[Caption-style text data]

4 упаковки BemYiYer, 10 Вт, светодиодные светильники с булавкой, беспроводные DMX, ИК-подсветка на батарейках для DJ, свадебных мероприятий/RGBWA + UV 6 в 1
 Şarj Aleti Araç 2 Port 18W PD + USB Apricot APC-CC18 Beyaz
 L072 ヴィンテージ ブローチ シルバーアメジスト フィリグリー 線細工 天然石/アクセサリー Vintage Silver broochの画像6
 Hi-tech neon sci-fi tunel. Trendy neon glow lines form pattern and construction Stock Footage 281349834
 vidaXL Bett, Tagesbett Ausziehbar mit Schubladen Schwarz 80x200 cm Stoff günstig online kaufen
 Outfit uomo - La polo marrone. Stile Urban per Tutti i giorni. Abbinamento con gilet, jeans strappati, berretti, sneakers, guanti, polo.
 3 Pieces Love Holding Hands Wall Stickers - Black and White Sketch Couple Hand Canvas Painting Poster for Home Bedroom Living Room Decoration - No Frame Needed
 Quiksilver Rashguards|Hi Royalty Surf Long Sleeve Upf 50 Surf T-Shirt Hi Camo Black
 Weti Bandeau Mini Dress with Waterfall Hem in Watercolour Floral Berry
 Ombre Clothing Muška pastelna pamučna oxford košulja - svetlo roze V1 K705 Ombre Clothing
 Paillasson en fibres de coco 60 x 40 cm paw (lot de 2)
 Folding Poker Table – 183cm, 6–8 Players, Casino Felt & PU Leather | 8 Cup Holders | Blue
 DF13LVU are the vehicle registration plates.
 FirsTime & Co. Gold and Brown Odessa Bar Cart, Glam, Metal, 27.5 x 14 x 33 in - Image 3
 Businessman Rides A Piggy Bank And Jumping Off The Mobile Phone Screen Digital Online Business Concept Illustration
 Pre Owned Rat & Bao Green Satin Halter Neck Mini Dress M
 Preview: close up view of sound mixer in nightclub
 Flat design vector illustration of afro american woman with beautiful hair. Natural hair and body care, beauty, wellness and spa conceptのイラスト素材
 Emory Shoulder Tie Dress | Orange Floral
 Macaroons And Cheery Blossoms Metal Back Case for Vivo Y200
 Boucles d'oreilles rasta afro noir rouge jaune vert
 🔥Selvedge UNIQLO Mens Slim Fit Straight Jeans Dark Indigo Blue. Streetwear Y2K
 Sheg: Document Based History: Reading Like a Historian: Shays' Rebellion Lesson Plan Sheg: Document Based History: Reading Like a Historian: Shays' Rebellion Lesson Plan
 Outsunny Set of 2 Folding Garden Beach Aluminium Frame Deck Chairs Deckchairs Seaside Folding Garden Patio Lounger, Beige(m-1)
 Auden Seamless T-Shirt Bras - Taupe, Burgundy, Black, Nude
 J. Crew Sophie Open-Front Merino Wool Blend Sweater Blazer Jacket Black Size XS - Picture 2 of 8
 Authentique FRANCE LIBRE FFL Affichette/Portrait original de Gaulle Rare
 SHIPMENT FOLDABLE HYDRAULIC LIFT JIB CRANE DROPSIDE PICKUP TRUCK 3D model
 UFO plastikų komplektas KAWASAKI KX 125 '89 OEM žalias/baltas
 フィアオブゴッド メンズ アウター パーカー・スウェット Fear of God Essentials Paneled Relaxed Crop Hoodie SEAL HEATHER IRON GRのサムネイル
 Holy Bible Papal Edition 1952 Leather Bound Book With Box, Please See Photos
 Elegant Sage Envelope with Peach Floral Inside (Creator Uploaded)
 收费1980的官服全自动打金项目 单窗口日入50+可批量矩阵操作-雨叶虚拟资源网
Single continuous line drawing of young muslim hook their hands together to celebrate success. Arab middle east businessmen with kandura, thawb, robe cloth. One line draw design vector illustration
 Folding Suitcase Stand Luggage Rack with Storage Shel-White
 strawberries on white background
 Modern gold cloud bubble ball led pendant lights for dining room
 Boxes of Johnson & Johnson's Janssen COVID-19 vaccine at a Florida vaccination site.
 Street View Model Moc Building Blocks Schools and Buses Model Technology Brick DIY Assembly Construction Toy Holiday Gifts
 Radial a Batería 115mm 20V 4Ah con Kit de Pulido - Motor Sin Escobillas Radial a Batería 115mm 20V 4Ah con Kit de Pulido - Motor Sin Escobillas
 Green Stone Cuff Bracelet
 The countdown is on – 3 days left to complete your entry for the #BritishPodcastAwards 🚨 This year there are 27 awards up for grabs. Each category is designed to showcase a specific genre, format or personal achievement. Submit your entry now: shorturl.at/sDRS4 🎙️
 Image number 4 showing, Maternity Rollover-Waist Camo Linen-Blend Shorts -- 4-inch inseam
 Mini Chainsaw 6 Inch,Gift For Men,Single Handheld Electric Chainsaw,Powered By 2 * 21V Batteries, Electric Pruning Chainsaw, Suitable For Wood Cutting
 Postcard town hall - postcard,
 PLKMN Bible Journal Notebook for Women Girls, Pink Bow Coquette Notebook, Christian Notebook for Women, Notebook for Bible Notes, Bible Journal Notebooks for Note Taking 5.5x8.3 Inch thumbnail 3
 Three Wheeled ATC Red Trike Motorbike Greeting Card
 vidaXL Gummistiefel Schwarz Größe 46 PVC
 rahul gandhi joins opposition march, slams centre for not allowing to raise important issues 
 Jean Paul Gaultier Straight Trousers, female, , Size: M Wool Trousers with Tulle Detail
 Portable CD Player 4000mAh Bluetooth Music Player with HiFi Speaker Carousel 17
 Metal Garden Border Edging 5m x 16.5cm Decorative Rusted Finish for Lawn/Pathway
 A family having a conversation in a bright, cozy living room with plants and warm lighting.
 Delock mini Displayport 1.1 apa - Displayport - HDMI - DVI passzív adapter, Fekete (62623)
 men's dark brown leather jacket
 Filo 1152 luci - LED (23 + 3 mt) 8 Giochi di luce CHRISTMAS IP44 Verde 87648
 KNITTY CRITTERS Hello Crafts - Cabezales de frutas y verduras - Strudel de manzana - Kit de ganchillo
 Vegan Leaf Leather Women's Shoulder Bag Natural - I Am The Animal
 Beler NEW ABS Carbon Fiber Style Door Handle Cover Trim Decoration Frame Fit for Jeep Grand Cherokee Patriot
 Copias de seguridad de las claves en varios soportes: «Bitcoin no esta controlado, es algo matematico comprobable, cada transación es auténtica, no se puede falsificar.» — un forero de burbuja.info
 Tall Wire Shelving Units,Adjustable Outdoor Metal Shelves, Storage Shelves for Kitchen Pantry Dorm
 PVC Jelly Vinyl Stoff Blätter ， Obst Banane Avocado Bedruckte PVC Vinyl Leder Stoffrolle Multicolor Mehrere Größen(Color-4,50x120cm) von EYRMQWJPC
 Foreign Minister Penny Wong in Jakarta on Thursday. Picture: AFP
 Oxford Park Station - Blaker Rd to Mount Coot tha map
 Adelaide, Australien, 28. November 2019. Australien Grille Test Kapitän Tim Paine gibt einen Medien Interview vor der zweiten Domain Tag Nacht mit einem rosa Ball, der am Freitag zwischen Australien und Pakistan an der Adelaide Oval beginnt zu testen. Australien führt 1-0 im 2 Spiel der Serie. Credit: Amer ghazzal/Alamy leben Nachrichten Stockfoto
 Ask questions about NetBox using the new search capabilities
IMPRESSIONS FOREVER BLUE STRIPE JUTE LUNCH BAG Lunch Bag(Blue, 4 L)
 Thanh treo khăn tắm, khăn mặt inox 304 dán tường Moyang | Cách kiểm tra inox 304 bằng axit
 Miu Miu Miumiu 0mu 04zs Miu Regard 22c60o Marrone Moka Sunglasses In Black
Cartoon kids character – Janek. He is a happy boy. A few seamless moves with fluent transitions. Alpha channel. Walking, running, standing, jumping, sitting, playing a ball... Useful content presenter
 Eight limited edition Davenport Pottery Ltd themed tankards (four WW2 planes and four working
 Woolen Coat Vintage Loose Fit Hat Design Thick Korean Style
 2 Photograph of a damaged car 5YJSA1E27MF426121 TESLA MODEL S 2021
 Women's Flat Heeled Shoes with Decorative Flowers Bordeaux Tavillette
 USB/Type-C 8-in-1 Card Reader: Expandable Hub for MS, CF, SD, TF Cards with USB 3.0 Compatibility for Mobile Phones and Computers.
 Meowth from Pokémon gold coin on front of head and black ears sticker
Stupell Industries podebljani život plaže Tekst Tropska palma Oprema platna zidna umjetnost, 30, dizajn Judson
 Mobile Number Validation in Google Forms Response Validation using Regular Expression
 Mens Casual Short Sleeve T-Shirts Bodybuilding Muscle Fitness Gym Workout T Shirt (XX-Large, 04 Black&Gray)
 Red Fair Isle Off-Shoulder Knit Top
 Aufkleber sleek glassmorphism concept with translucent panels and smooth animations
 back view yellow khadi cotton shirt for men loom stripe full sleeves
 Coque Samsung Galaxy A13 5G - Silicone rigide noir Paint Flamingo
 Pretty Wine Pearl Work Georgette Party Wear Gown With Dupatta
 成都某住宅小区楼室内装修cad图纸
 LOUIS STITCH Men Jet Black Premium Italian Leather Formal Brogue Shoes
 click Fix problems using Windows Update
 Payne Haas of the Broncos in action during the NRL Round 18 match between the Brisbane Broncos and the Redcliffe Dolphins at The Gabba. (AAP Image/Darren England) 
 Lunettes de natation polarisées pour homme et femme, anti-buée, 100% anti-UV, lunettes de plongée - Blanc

**DIRECTIONS**
Find each line above that contains "using", and copy those lines.

**SOLUTION**
 Ask questions about NetBox using the new search capabilities
 Mobile Number Validation in Google Forms Response Validation using Regular Expression
 click Fix problems using Windows Update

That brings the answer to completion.